Half-filled Kondo lattice on the honeycomb lattice

The unique linear density of state around the Dirac points for the honeycomb lattice brings much novel features in strongly correlated models. Here we study the ground-state phase diagram of the Kondo lattice model on the honeycomb lattice at half-filling by using an extended mean-field theory. By treating magnetic interaction and Kondo screening on an equal footing, it is found that besides a trivial discontinuous first-order quantum phase transition between well-defined Kondo insulator and antiferromagnetic insulating state, there can exist a wide coexistence region with both Kondo screening and antiferromagnetic orders in the intermediate coupling regime.

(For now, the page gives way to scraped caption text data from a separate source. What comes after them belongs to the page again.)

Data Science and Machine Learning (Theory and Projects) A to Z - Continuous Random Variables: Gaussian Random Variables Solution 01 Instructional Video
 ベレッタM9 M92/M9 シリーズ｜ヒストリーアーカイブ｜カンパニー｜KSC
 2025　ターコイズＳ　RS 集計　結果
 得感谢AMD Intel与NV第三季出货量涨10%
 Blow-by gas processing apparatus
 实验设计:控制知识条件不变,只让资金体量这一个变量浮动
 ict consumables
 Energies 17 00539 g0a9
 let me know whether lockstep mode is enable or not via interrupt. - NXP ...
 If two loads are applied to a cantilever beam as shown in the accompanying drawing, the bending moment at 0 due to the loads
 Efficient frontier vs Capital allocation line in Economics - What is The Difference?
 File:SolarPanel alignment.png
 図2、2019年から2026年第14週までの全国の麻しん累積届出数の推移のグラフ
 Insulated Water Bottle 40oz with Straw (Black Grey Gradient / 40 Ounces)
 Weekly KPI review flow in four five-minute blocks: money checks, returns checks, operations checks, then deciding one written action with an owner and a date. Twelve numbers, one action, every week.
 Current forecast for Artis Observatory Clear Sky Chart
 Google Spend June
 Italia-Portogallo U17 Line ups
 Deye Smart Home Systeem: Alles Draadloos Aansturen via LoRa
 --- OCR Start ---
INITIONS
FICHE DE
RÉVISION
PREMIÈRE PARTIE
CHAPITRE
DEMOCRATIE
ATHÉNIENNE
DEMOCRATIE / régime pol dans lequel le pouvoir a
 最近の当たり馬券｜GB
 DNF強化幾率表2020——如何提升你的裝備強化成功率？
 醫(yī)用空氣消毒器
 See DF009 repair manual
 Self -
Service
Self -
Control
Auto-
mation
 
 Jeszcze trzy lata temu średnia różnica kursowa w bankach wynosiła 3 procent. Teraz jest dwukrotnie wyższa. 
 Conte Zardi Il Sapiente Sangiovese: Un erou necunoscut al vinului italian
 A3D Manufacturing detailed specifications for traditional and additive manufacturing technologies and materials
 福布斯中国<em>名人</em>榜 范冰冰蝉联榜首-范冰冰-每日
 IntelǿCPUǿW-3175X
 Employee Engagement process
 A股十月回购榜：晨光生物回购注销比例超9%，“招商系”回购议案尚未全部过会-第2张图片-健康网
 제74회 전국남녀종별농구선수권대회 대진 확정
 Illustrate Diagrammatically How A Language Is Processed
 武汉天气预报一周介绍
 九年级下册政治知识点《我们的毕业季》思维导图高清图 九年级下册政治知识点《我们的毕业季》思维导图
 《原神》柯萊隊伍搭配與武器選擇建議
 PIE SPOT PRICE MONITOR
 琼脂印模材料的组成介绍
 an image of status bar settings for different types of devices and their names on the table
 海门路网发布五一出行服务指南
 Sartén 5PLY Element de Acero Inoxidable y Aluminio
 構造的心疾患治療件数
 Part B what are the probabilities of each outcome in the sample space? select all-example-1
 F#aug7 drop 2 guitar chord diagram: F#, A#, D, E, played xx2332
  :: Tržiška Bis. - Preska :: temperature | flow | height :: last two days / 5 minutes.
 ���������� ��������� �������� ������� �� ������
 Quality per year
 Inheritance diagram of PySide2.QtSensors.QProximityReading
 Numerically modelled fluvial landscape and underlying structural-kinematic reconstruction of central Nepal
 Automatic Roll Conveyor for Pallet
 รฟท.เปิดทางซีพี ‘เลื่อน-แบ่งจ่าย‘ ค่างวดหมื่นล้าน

In addition, the stability of Kondo insulator requires a minimum strength of the Kondo coupling. These features are attributed to the linear density of state, which are absent in the square lattice. Furthermore, fluctuation effect beyond the mean-field decoupling is analyzed and the corresponding antiferromagnetic spin-density-wave transition falls into the O(3) universal class. Comparatively, we also discuss the Kondo necklace and the Kane-Mele-Kondo (KMK) lattice models on the same lattice. Interestingly, it is found that the topological insulating state is unstable to the usual antiferromagnetic ordered states at half-filling for the KMK model. The present work may be helpful for further study on the interplay between conduction electrons and the densely localized spins on the honeycomb lattice.